Marketing as Storytelling
by Bob Lurie
Know your customer. The statement is blindingly obvious and overwhelmingly
important. As a piece of business doctrine, it is indisputable.
But how to do it? That's not as clear.
Hoping to turn vast data about their customers into a meaningful
picture of who the customer is, CEO's and managers alike man customer
hotlines, visit stores and work the front lines. Lou Gerstner, CEO
of IBM, for example, spends one hour each day on the phone with
a customer. Selling to them, asking for feedback, it doesn't matter.
And John Pepper, formerly CEO of P&G, listens in on the company's
800 number for two hours each week. Why?
Because Gerstner and Pepper, like many other CEO's and managers,
sense that the reams of data that their marketers supply--although
statistically significant--fail to fully capture the essence of
who the customer is. Marketing data may be necessary, but it is
not sufficient for truly knowing your customer. What these CEO's
are seeking, then, is what good sales people know instinctively--the
nuances that bring customers to life.
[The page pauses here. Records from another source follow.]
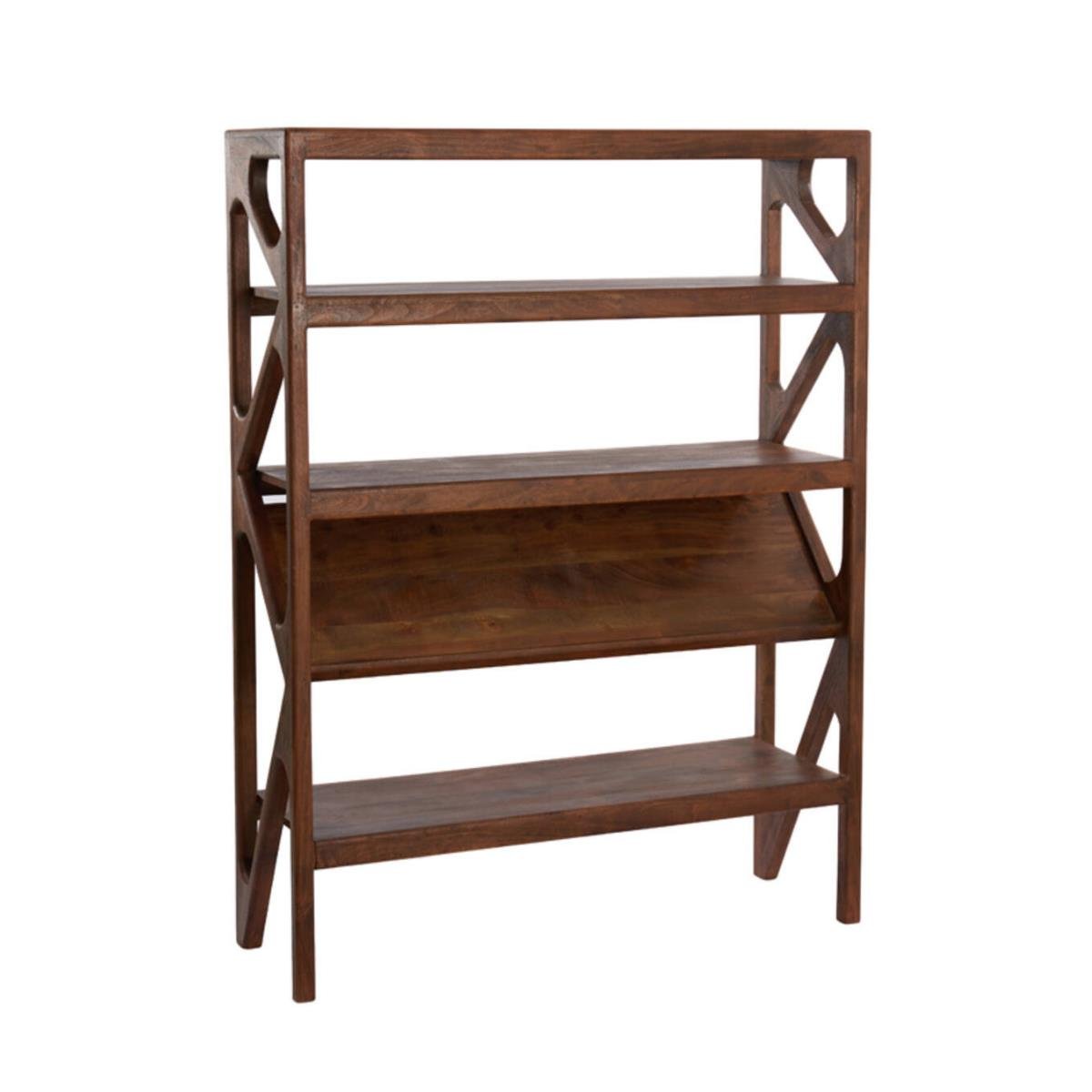Light & Living - Yuki kast 120x40x160 cm - acacia hout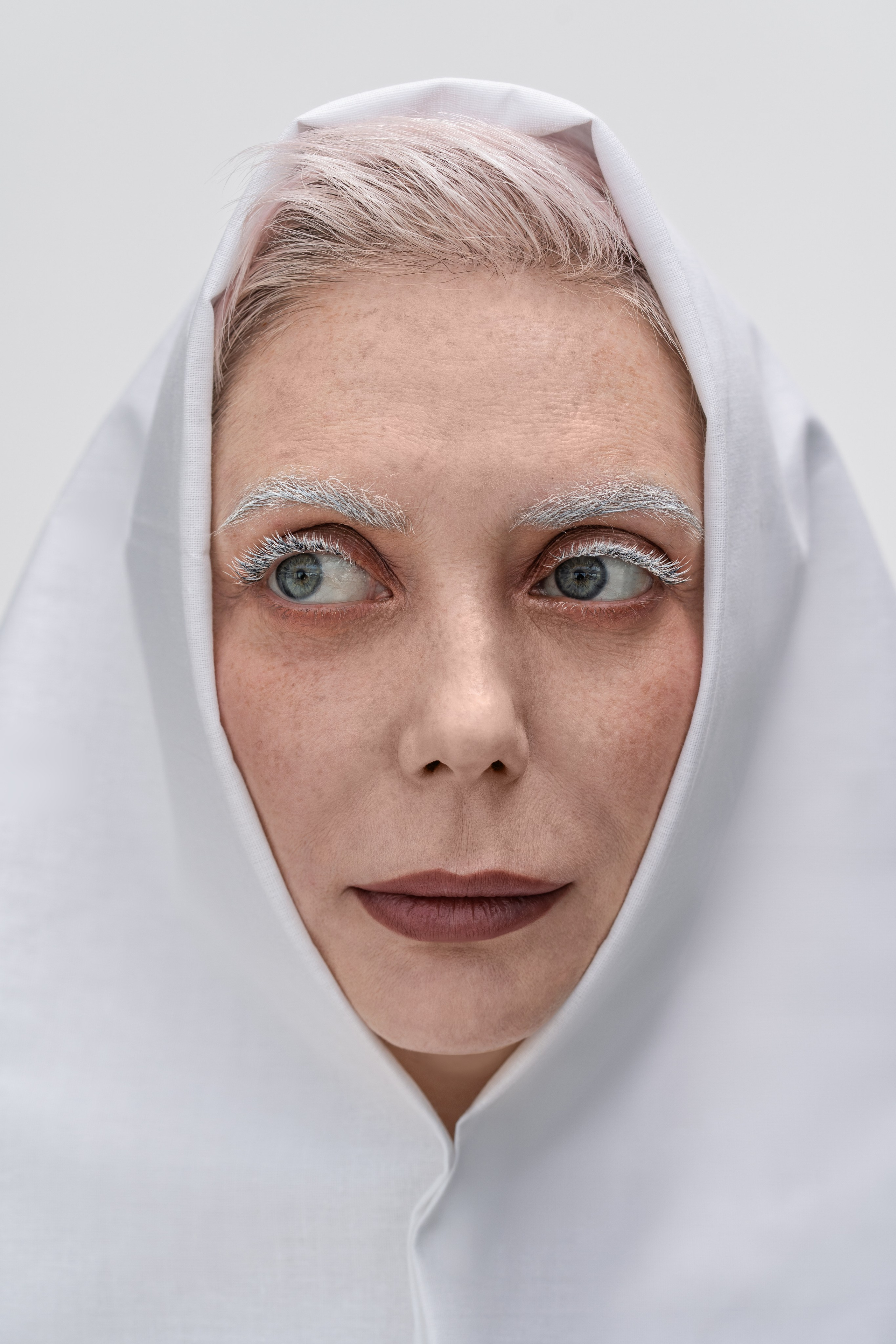 Yarina beauty. Ksenia Arefieva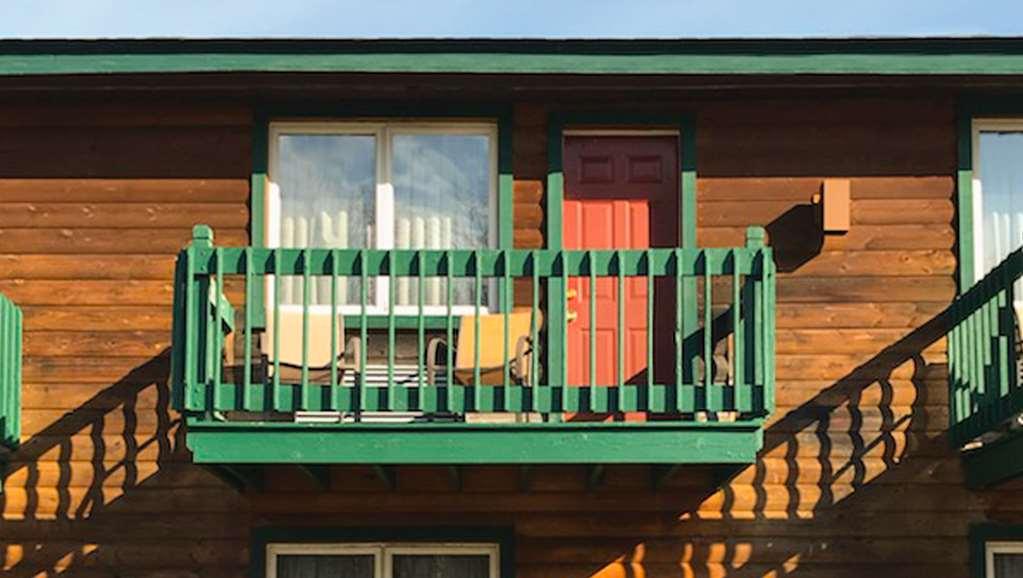 Adirondack Lodge Old Forge Phòng bức ảnh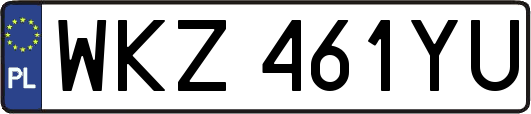 WKZ461YU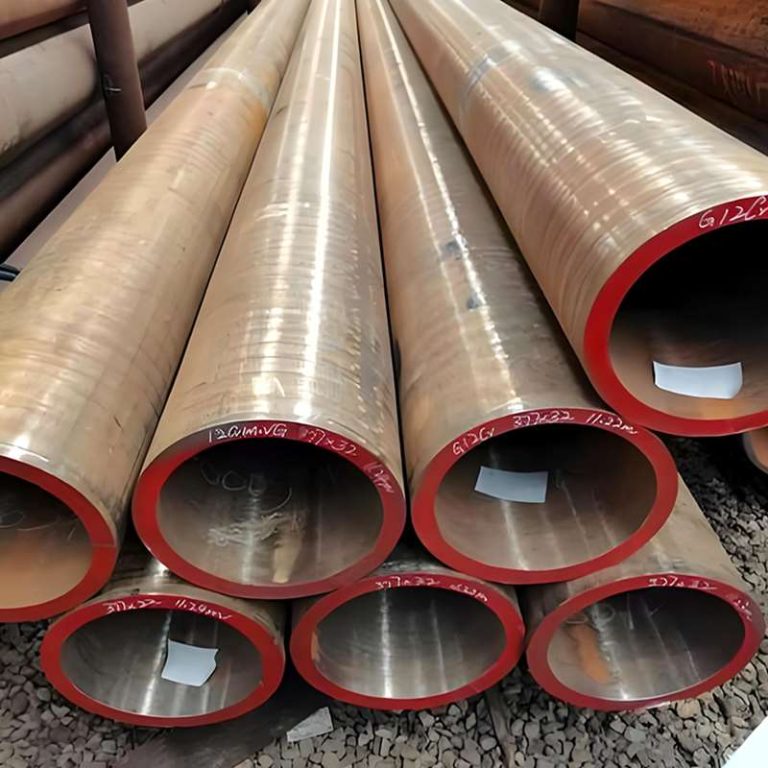 P91 Alloy Steel Boiler Tube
Good sales people know their
customers as living, breathing, human beings that have history and
context and multiple types of needs: Emotional needs, functional
needs, and financial needs. Sales people know real customers and
how they will react to real situations with real products.
When talking about their customers, sales people will tell you
a story --they'll tell you where "George" and "Harry"
went to school, how long they've been in the job, their personal
likes and dislikes. They'll tell you about what "George"
really wants—to get promoted, transferred, etc.
On the other hand, marketing people have statistically significant
data that when taken together clearly represents a type of customer.
These types can range everywhere from, say, techno-geeks, who live
in Southern California, exist on junk food, and own a retooled Harley
Davidson to the soccer Mom who lives in New England, drives a Volvo
station wagon, and likely runs the auction at her church or at her
son's private school.
And while such labels are helpful, knowing your customer as a type
is not the same as knowing your customer as an individual. Marketers
may know "statistically significant George," or "freeze-dried
George"—customers with all the flesh and blood taken
out. However, what they really need to know is a kind of reconstituted
George—one who exists as a type and yet a type that they can
know intimately.
After many years of tackling this marketing problem I've come to
believe that it is possible to meld the two worlds to create an
intimate portrait of the customer that is also statistically viable.
I believe that the way to do this is to look at customer behavior
in a number of contexts. That is, seeking to understand what the
best salesmen already know about their customers and translating
that information into a story that describes the role a product
plays in a customer's life.
Such data has often already been collected, but has not yet been
shaped into a story that helps marketers feel as if they know their
customer. Yet understanding the story that customers tell themselves
can be a powerful tool.
Consider the case of Tony the Tiger. For at least thirty years,
the advertising icon for Kellogg's Sugar Frosted Flakes in the United
States has been an animated character known as Tony the Tiger. Traditionally,
ads for Sugar Frosted Flakes show Tony The Tiger talking to the
core target of the brand--kids. The new ads, which started about
four years ago, show an adult sitting in a chair in a half-darkened
room describing their desire for the product. The adult's face is
blacked out, in the way it would be if the person were in one of
those documentaries where they are trying to protect their identity.
This ad has been immensely successful for Kellogg's. It's given
Sugar Frosted Flakes a 20% lift in the last four years, with the
volume growth coming from adults.
The reason is that Kellogg's figured out, one way or another, what
went through the mind of an adult who goes to the kitchen cabinet,
opens it up and looks at all the cereals. The adult, particularly
those who had families, saw the Sugar Frosted Flakes and said to
himself or herself: "I like Sugar Frosted Flakes, but I can't
have them because Sugar Frosted Flakes are for kids. You know, it's
Tony the Tiger—if I take it out, my kids will give me a hard
time. So I'll have something else."
What the ad does is acknowledge, and then interrupt, the story
that the adult consumer tells himself. The ad says: "Yes, we
know you're telling yourself that it's not okay for an adult to
have Sugar Frosted Flakes. But it is okay to have Sugar Frosted
Flakes, because other adults do it."
In this case, then, and in many others like it, knowing your customers
means knowing the story they tell themselves about your product.